══ DATA FOR REVIEW

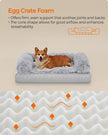 Dog Bed – Egg Crate Foam – Soft Grey – Removable Washable Cover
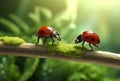 summer nature leaf macro ladybug insect beetle red spring animal. Generative AI. Royalty Free Stock Photo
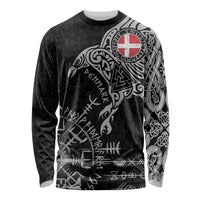 Denmark Viking Ravens Long Sleeve Shirt Vegvisir Runes Pattern - Wonder Print Shop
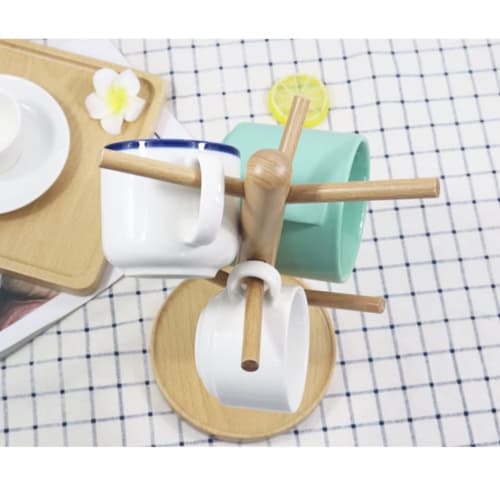 OUNONA Wooden Glass Holder, Cup Stand, Drainer, Kitchen, Bathroom, Mug Tree, Mug Rack, Cup Storage Stand, Stylish Kitchen Storage with 6 Hooks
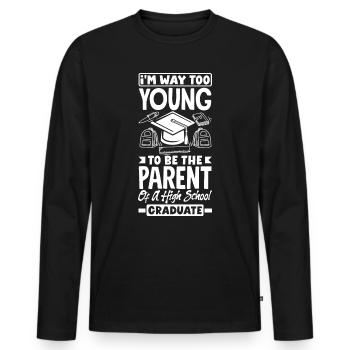 Trop jeune pour être parent d’une école secondaire - T-shirt manches longues Premium bio Homme - noir - Devant - Nico (187cm)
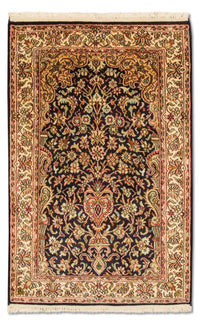 Silketæppe - Kashmir Silk - 94 x 60 cm - mørkeblå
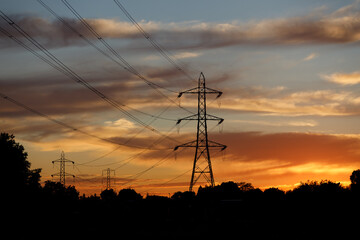 background, blue, britain, cable, cloud, clouds, distribution, electric, electrical, electricity,...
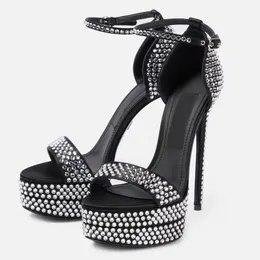 босоножки со стразами Туфли на супервысоком каблуке с водонепроницаемой платформой женские формальные туфли на шпильках Роскошные дизайнеры, инкрустированные кристаллами, ремешок на щиколотке, модельные туфли 16 см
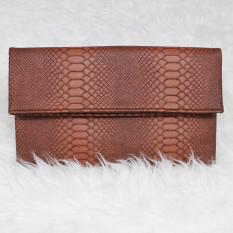 Tas Hand Tangan Women Woman Wanita Pesta Leather Clutch Bag - Moka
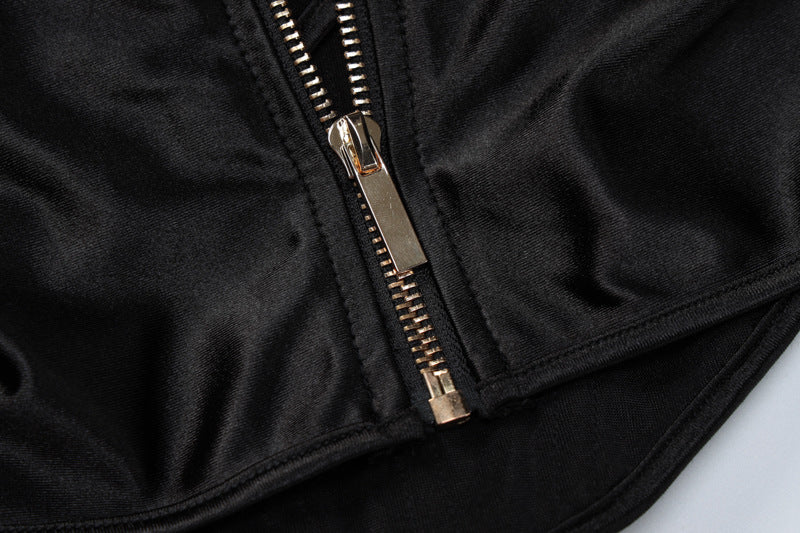 LADIES LONG SLEEVE MESH CORSET TOP BLACK (SIZE S-L)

════

## [EXERCISE PROMPT]
Begin at the first line of the records and please reproduce every line exactly through the one containing "OUNONA Wooden Glass", leaving all pictures out.

## [RESPONSE]
 Dog Bed – Egg Crate Foam – Soft Grey – Removable Washable Cover
 summer nature leaf macro ladybug insect beetle red spring animal. Generative AI. Royalty Free Stock Photo
 Denmark Viking Ravens Long Sleeve Shirt Vegvisir Runes Pattern - Wonder Print Shop
 OUNONA Wooden Glass Holder, Cup Stand, Drainer, Kitchen, Bathroom, Mug Tree, Mug Rack, Cup Storage Stand, Stylish Kitchen Storage with 6 Hooks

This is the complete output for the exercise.